You still have to search your logs. And with the complexity of applications increasing, log data is likely to increase as well, so this search can still take time. The commercial tools introduce a cost drawback as well since some charge per gigabyte of data stored. The cost of logging your data can increase dramatically in this case.
So, rather than only sending your log data to a logging tool or, worse, to a log file, I recommend utilizing an error monitoring and crash reporting tool that will complement your logging.

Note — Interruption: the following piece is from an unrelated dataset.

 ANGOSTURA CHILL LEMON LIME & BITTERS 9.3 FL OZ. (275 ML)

Here are five ways you can do that and integrate your logging with error monitoring:
1. Log-o-Error Monitoring Tool
In order to have a chance to troubleshoot more quickly, your DevOps teams should work to have log data sent to the error monitoring tool, instead of to the disk or a logging tool alone. Code that is pushed to production should be sent to your monitoring tool to provide visibility into the performance of your applications as they progress through your CI/CD process;
2. Verify Application Language Support
Being able to log data directly to your error-monitoring tool is great. But you also need that tool to provide value almost as soon as you install it. To do that, your error-monitoring tool needs to support instrumentation for your application’s programming language. If your applications are written in .NET, you want a crash reporting solution that instruments your .NET applications so it can start providing error reports as quickly as possible;
3. Make Logging Descriptive and Contextual
When developers write log messages for your applications, this data should be descriptive and provide context to help with troubleshooting. You want to ensure that your log data includes information such as timestamps, session IDs, unique user IDs and resource-usage information. Having all of this data in your logs will help with faster troubleshooting. This information also helps you understand what was happening across your infrastructure before an error occurred. The error monitoring tool will be able to correlate this data and tie it to a particular user or session.

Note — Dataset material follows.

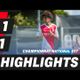 Highlights AS Monaco - OGC Nice  - 4ème journée Championnat National U17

4. Make Log Data Structured
A common best practice for logging is to ensure that the data is structured. Unstructured log data makes it much tougher to store, index and search for log events when you’re troubleshooting. Having the data in a structured format requires specifying not just that something bad has happened within your application, but also which customer ID, for example, it happened to. When this data is sent to your monitoring tool, you’re now able to see that this customer was impacted by that issue, as well as what other issues may be impacting that customer.
5. Use APIs or Plugins
You want to minimize the changes you need to make to sustain your logging and monitoring integration. Utilizing APIs, webhooks or plugins from your error monitoring tool will help accomplish this. APIs tend to stay relatively constant to provide support for integrations from many systems, so using them to send or receive log data is recommended. Also, this can allow for alerting and notifications about issues uncovered in your log, provided to you via email or ChatOps systems.
Let’s ‘Log and Roll’
Log data contains some critical pieces of information about your applications and infrastructure, including databases. Having this data stored in logging tools is very beneficial for collecting, aggregating, and viewing this data. But there are shortcomings and weaknesses that can be overcome by complementing your logging with error monitoring.

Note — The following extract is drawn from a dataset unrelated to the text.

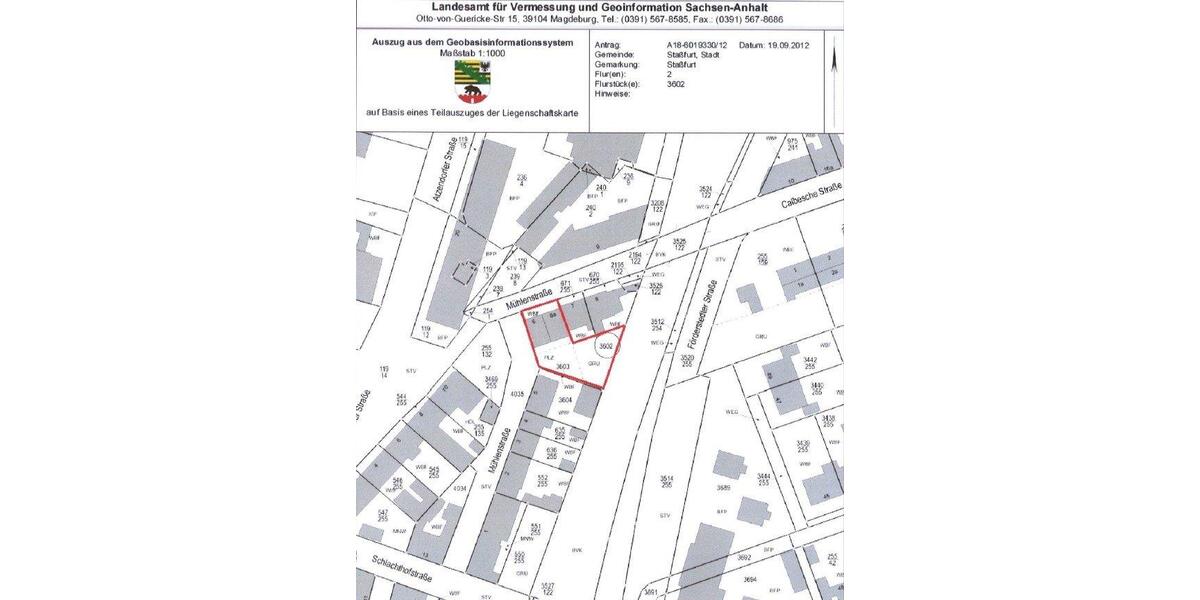 Mehrfamilienhaus, Wohnhaus Staßfurt - 13 Zimmer, 340 m&sup2;, 195.000&euro; | Angebot:27273686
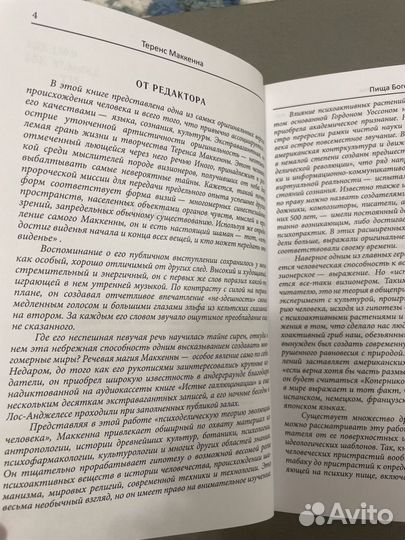 Теренс Маккенна. Пища Богов. Истые галлюцинации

The ultimate goal is to keep your end users happy and have good customer stories. To do this, you want to use both logging and monitoring together, in an integrated fashion, to accomplish your goal. With the right logging tools or methodology and error monitoring tools, your developers and operations teams will be able to plan for and troubleshoot application issues much faster.
And that’s the benefit of having complementary tools: things just get done faster.